After a single dance, he offered her $20,000 to jet off to Miami, according to her book, One Lifetime Is Not Enough. She turned him down, but did ask him to marry her a couple of weeks later (Zsa Zsa rarely waited for the guy to propose). Never one to kiss and not tell, Zsa Zsa described Conrad Hilton, who was 62 to her 20 when they married in Santa Fe in 1942, as “a wonderful lover—virile, well-endowed, and masterful.”

Nonetheless, as that marriage petered out five years later, she took up with his son, Nicky Hilton, who was at the time fleeing his marriage to Elizabeth Taylor, the screen legend with whom she shared lovers, a close friendship, and an obsession with diamonds. “Diamonds are a leitmotif in our family,” wrote Gabor, whose father once gave her a 10-carat sparkler with the caveat that she never marry a man who couldn’t better it.

According to her autobiography, her one child, Francesca Hilton, was the result of Gabor’s hotelier husband raping her one night at the Plaza Hotel. Francesca, who was left only $100,000 when Conrad died in 1979, died Jan. 5, 2015, of an apparent stroke. She had been warring bitterly with Frédéric Prinz von Anhalt (born Hans Georg Robert Lichtenberg), Gabor’s husband of 30 years and the trustee of Gabor’s estate, over the care of her mother. Francesca had not been allowed to speak with Gabor for several years prior to her death.

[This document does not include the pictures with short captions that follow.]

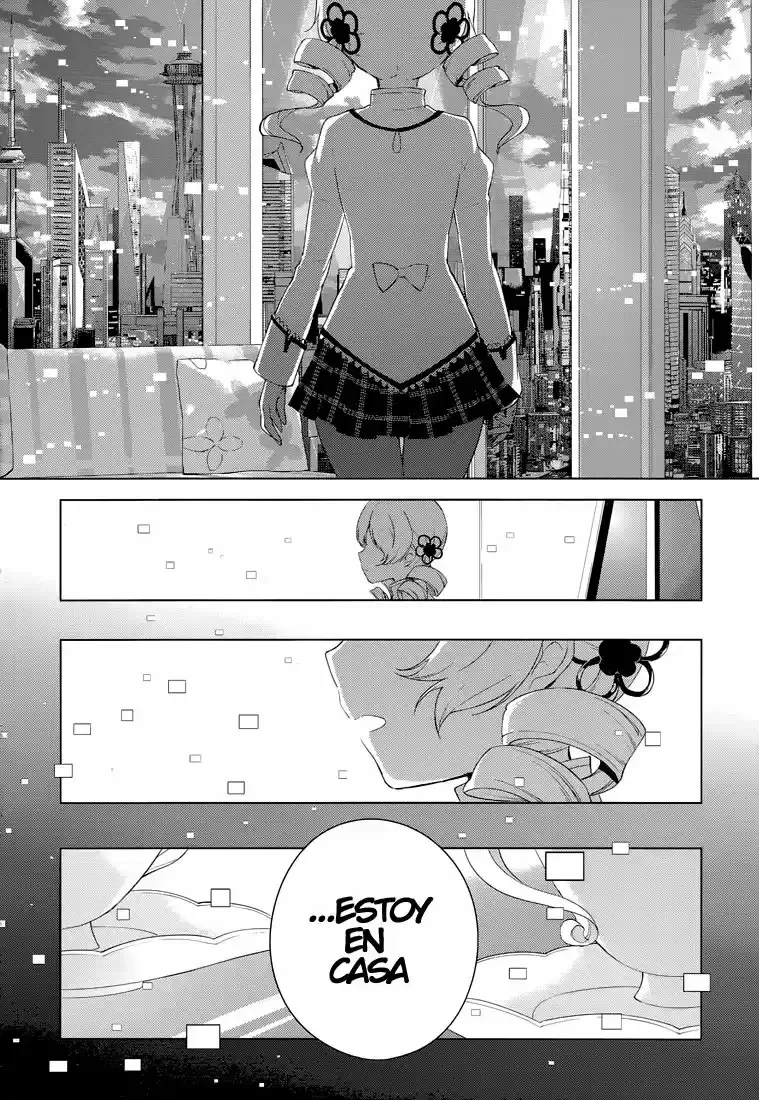 Puella Magi Madoka Magica: Wraith Arc Capítulo 4 - página 29
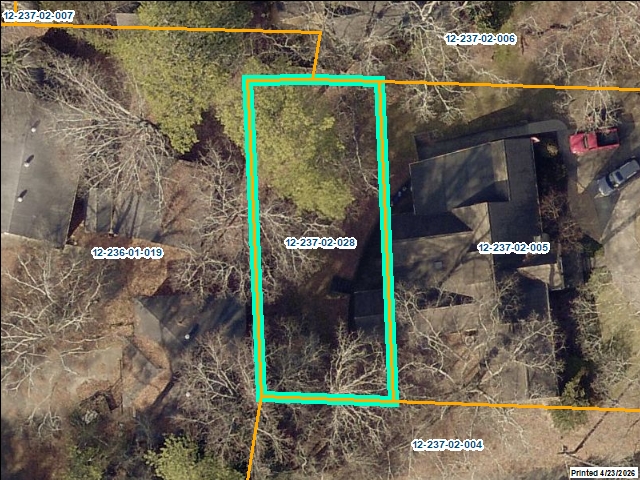 Launch Interactive GIS Map
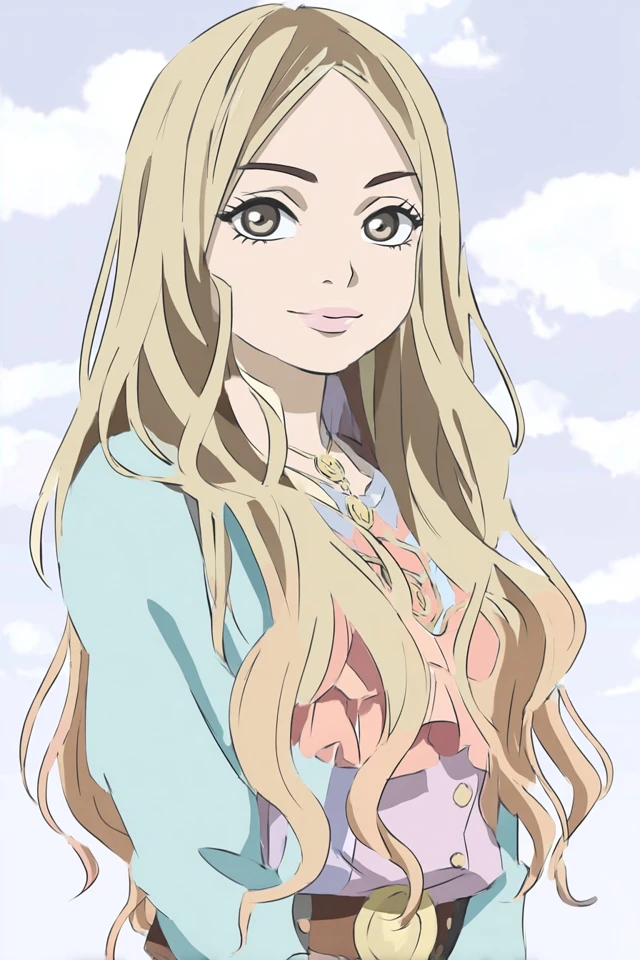 Serene Anime Moments and Landscapes - Image 1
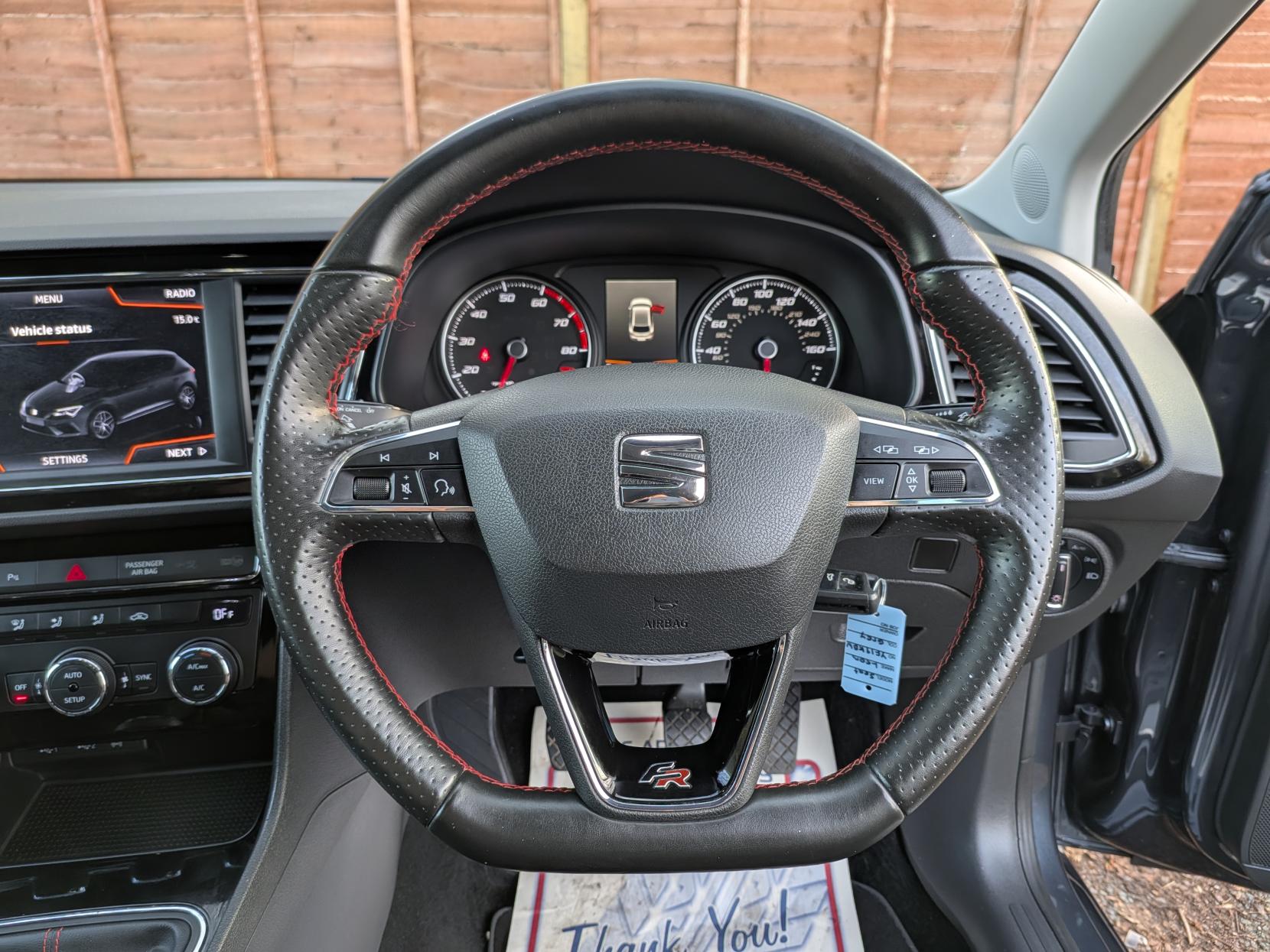 SEAT Leon 1.5 TSI EVO FR Hatchback 5dr Petrol Manual Euro 6 (s/s) (130 ps)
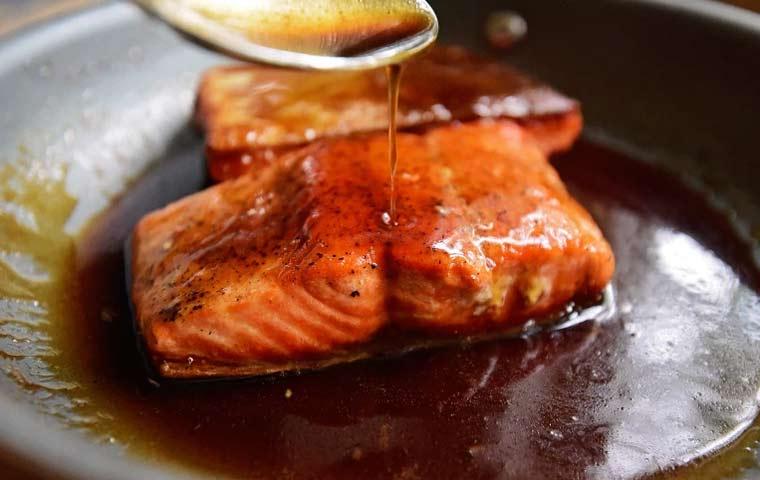 Khám phá hương vị mới với cách làm cá hồi hấp xì dầu thơm ngon - Du lịch cùng Mytour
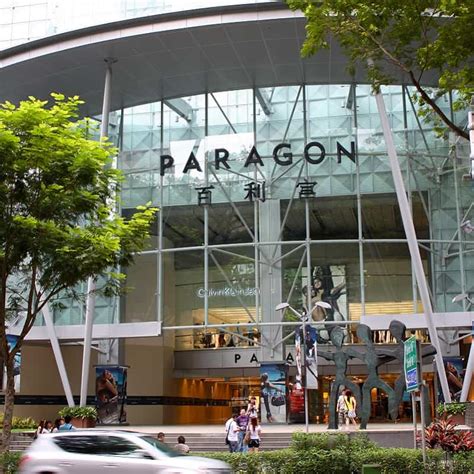 Paragon Orchard Singapore 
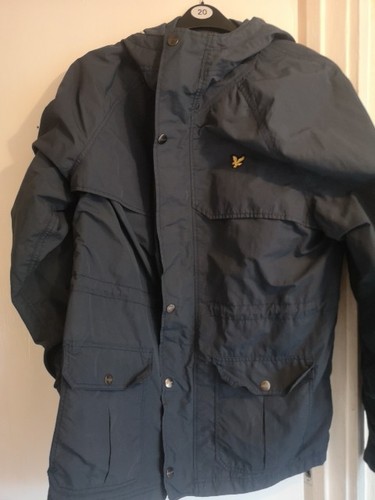 Lyle and scott - and,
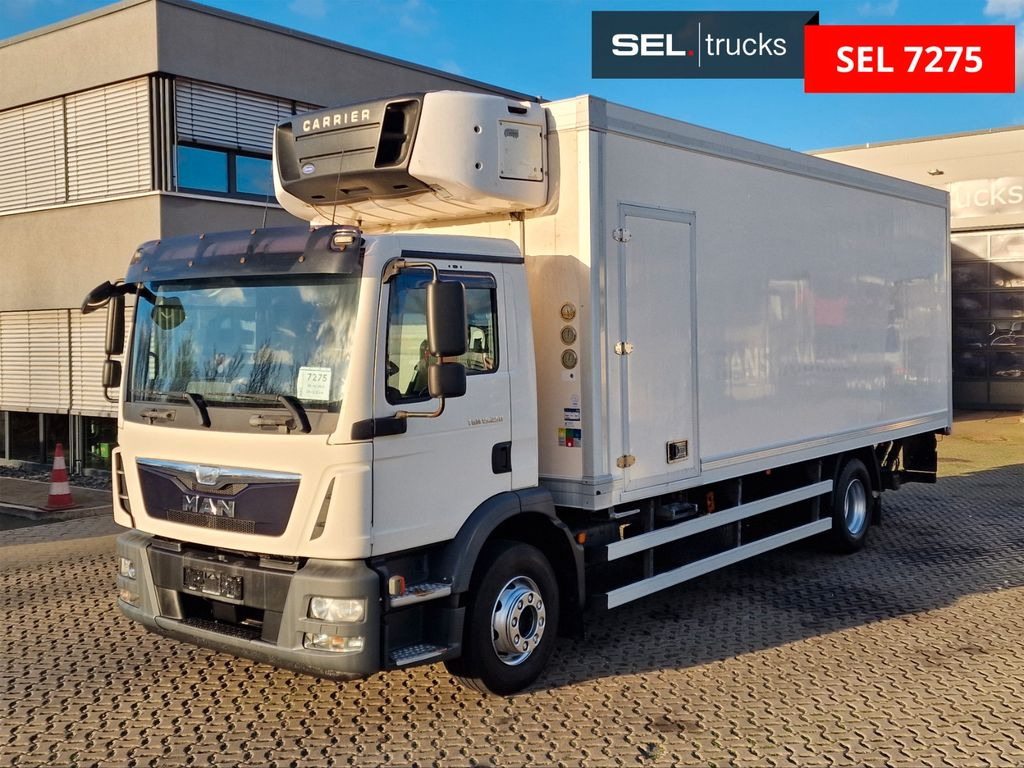 MAN TGM 15.250 4X2 BL / Ldbw /Triple Verdampfer - Kamion frigorifer: foto 1 MAN TGM 15.250 4X2 BL / Ldbw /Triple Verdampfer - Kamion frigorifer: foto 1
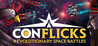 Conflicks – Revolutionary Space Battles cover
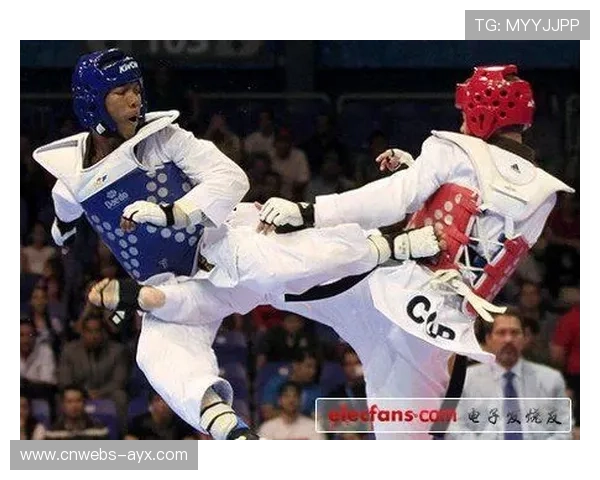 世界跆拳道锦标赛启用电子护具,AI判分系统减少争议 世界跆拳道锦标赛启用电子护具,AI判分系统减少争议
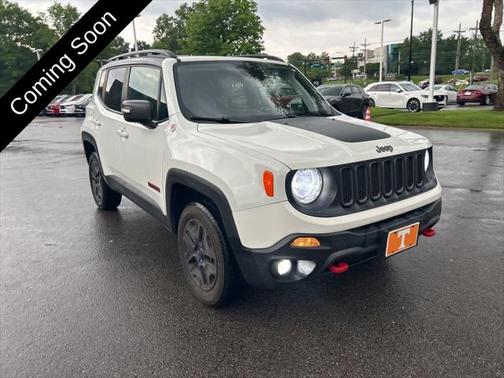 2018 Jeep Renegade Trailhawk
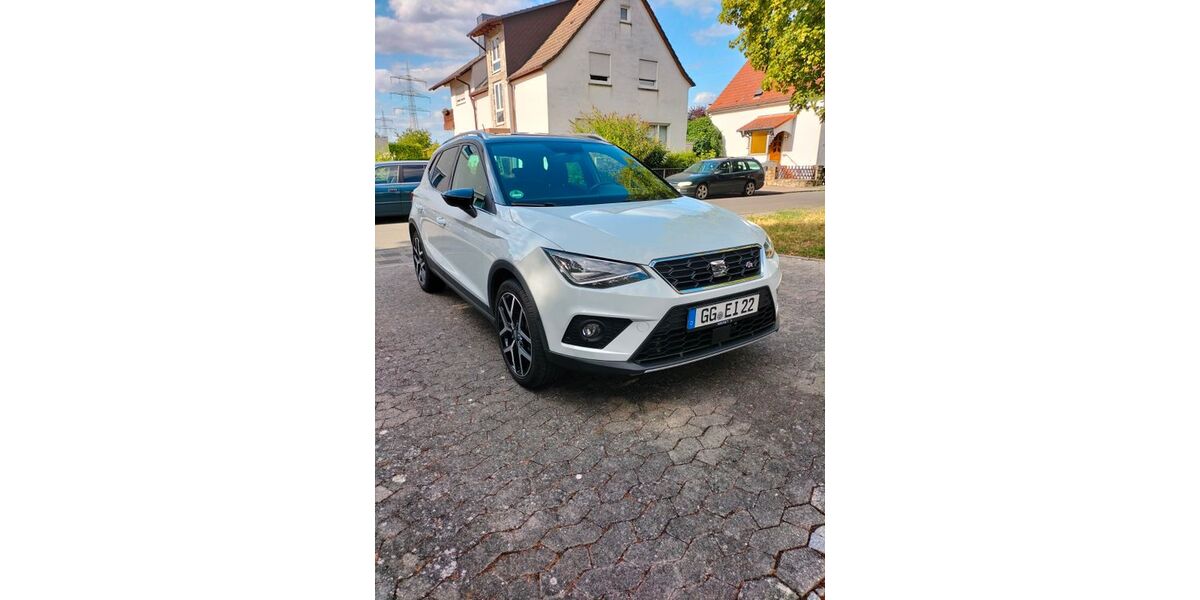 Seat Arona 68.500 km 14.700 &euro; Trebur 65468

After Hilton, husbands came and went like so many sitcom guest stars. There was the actor (Sanders, who would later briefly marry her sister Magda), the investment banker (Herbert Hunter), the oilman (Joshua Cosden), the toy designer (Jack Ryan), the divorce attorney (Michael O’Hara), and the realtor-playboy (Count Filipe de Alba). Alba committed the cardinal sin for any Zsa Zsa paramour. “He bored me,” she said in 1982. “He’s a playboy and I’m a hard-working actress.”

Finally came her “prince”—though Frederic von Anhalt’s claim to actual royal lineage is iffy by most accounts. Her match in terms of colorful tale spinning, they met at a party in the early ’80s and had been partners ever since. “Everything I have, I have through my wife,” von Anhalt told The Scotsman in 2006. “She pushed me so hard it made me sick; dragged me around meeting four U.S. presidents, bought me everything that I wanted. Do you believe she didn’t know the kind of man she was marrying? My wife parted from eight men. Why I am still there? Because I am not like her other men.”

For most people who remember her heyday, when she graced the covers of countless fan magazines and served as a gleefully unpredictable TV guest star, it is easy to forget what a powerful and fearless path Gabor and her fabulous sisters cut through the staid Hollywood landscape. Yes, she was a famous wife and ex-wife, but her glamour always came from somewhere deeper.

“I always dress for myself,” Gabor, who prided herself in her collection of fur coats, wrote in her autobiography. “I change a lot during the day—sometimes as much as four times—but I always do it for me, not because I want to impress some man.”